### MATERIAL SHOWN
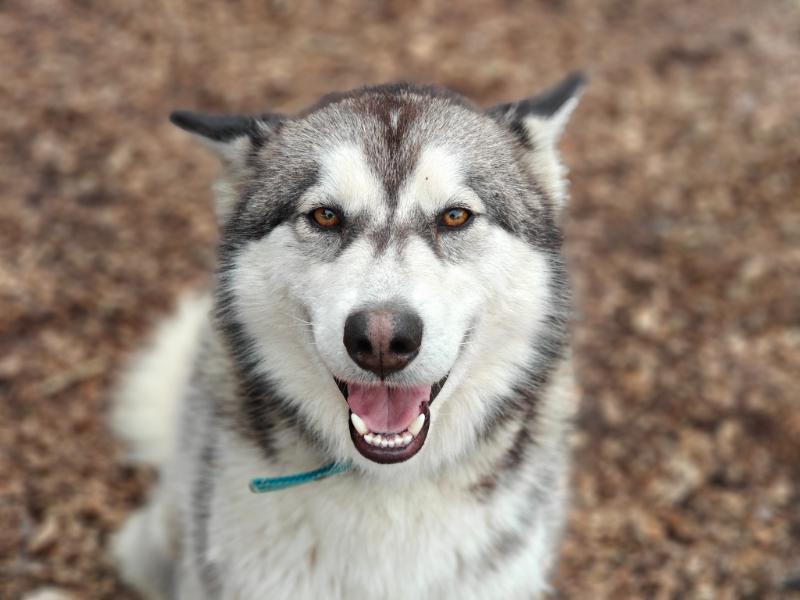 Introducing the Husky Heroes Winter Challenge: Walk with Purpose January 2026! 🐕‍🦺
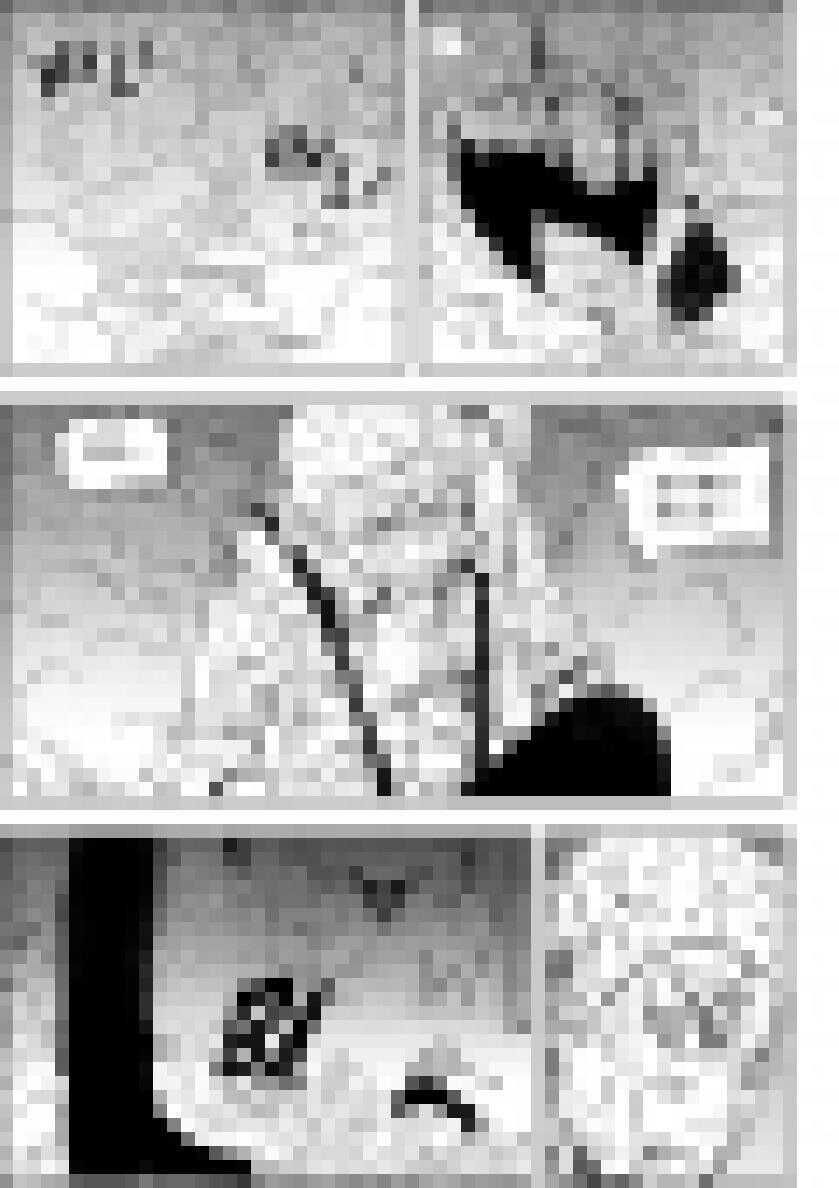 噬规者韩漫全集-第188话 新世界的规则 我们说了算无删减无遮挡章节图片 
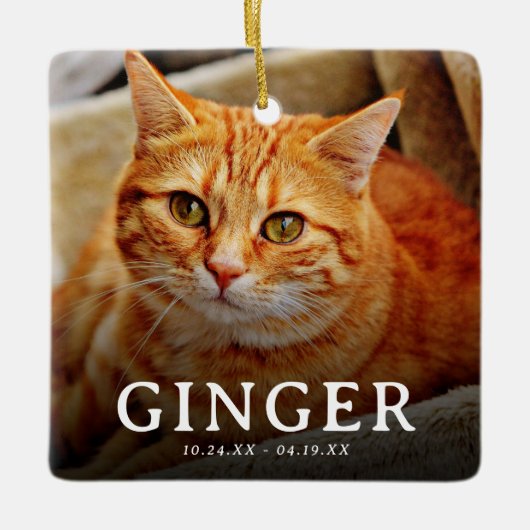 大切なペットの思い出 猫 2枚の写真のメモリアル セラミックオーナメント (正面)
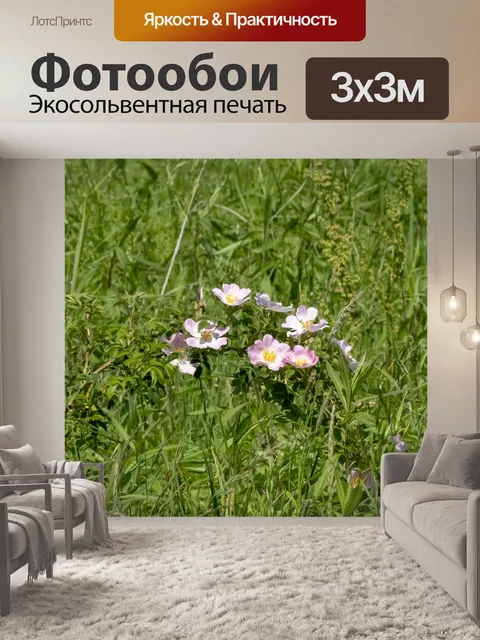 Фотообои Уайлдфлауэр
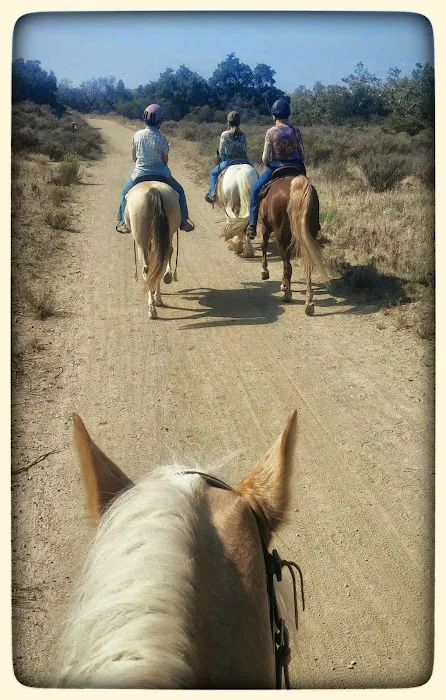 Equine Veterinary Associates, Inc. Picture 4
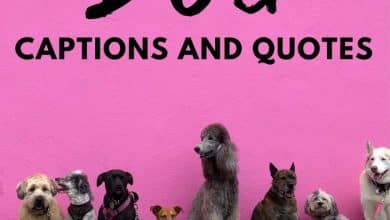 Plus de 250 citations de chiens et idées de légendes pour Instagram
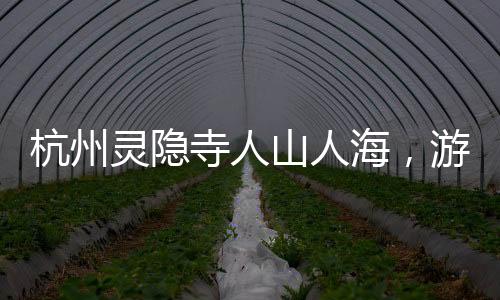 杭州灵隐寺人山人海，游客纷至沓来，感受千年古刹的魅力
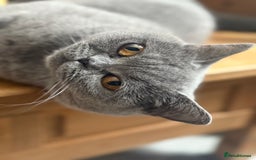 British Shorthair cats for sale: Lilac bsh female  - Image 11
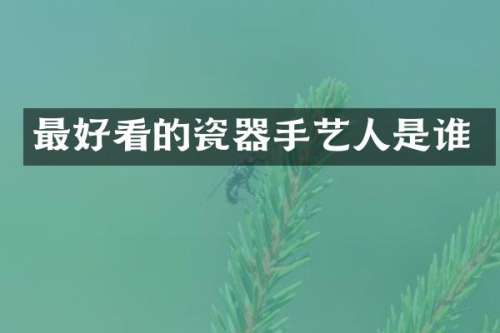 最好看的瓷器手艺人是谁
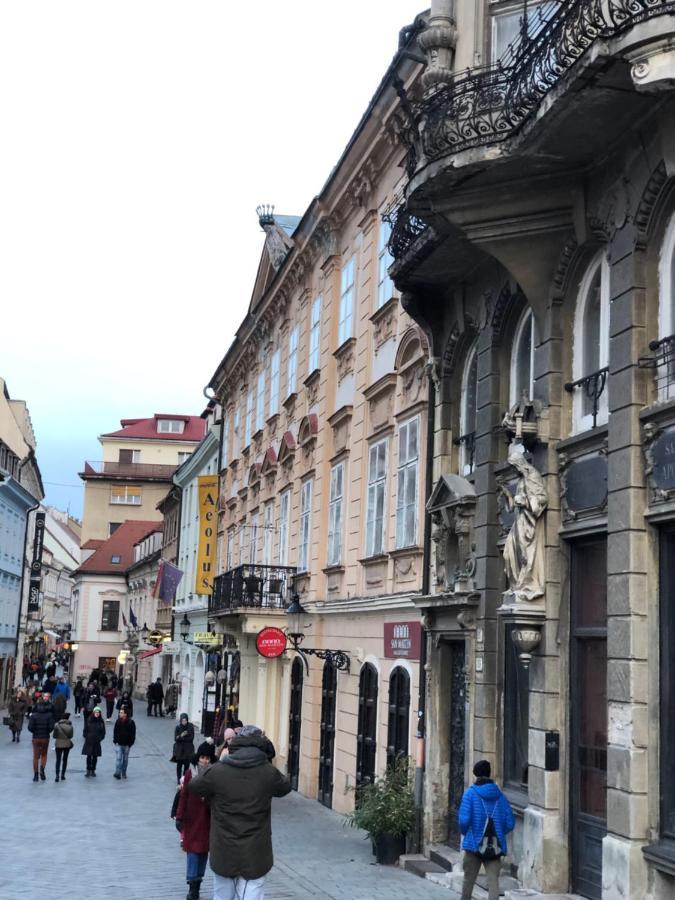 Pleasant Apartment Under The Bratislava Castle المظهر الخارجي الصورة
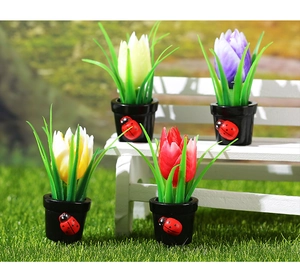 Mini vasi di tulipani con coccinelle su panca bianca sopra un prato verde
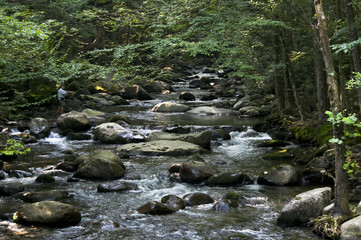 Fly Fishing in the Smokies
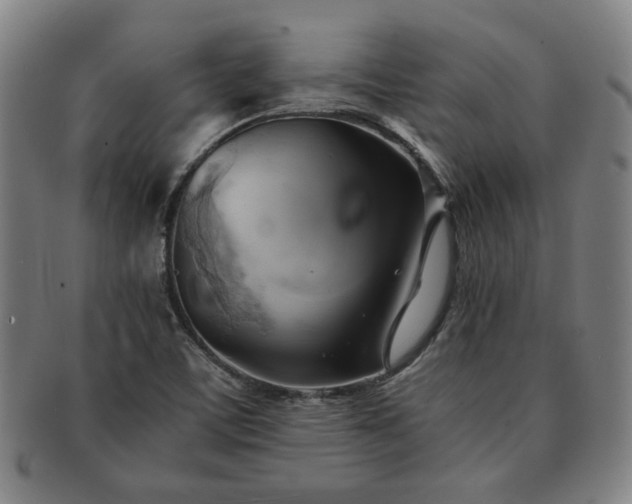 X0000091571459200708271147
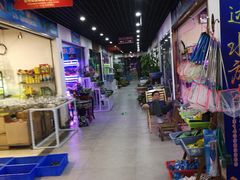 -苏州艺都古玩花鸟市场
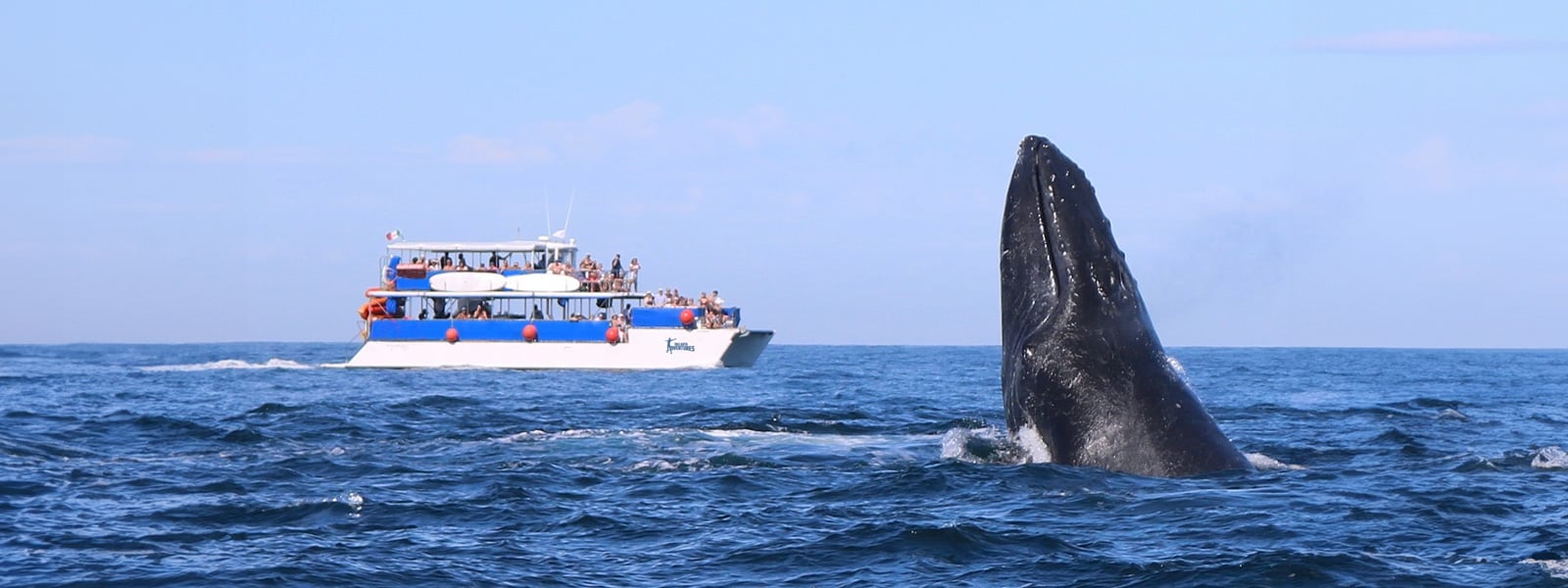 puerto vallarta whale watching boat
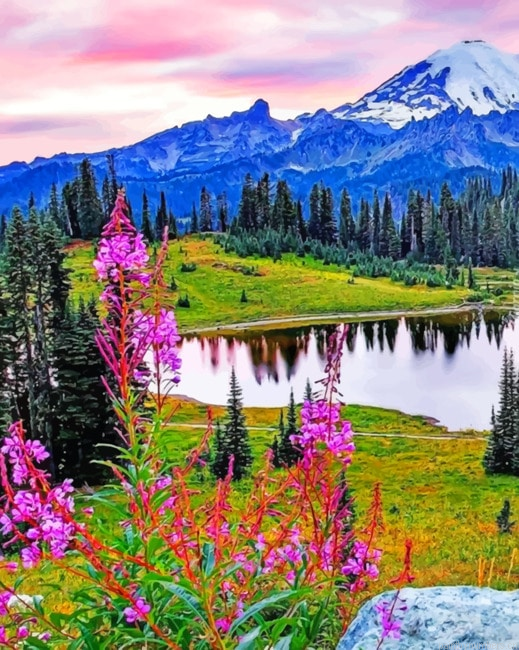 Mount Rainier National Park Painting By Numbers.png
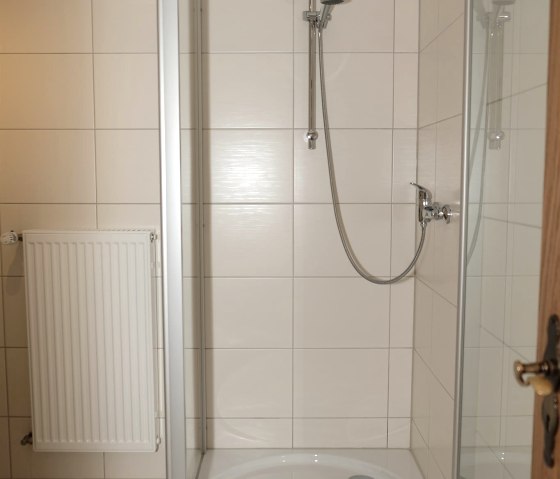 Shower, © Poll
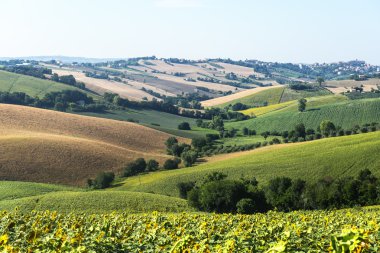 Yürüyüşleri (İtalya): yaz manzara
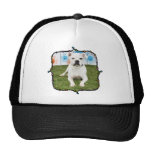 Shiner - Boxer Hats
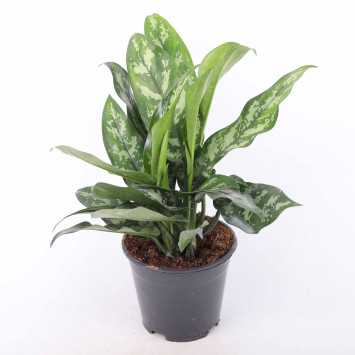 Aglaonema Maria Christina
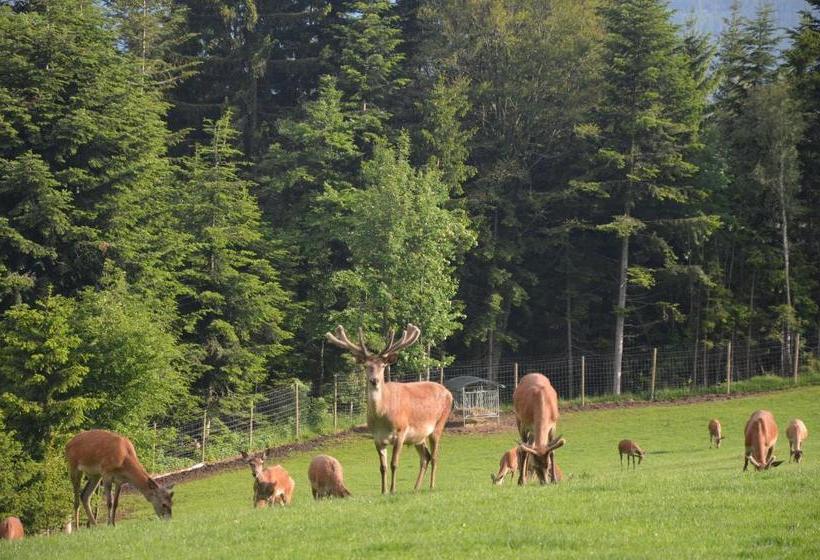 旅馆 Wildwiesenhof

### REQUIRED ACTION
Go to the line that contains "Mount Rainier National" and copy it and every line after it through the end of the entries, exactly, without the pictures.

### OUTPUT FOR THIS TASK
 Mount Rainier National Park Painting By Numbers.png
 Shower, © Poll
 Yürüyüşleri (İtalya): yaz manzara
 Shiner - Boxer Hats
 Aglaonema Maria Christina
 旅馆 Wildwiesenhof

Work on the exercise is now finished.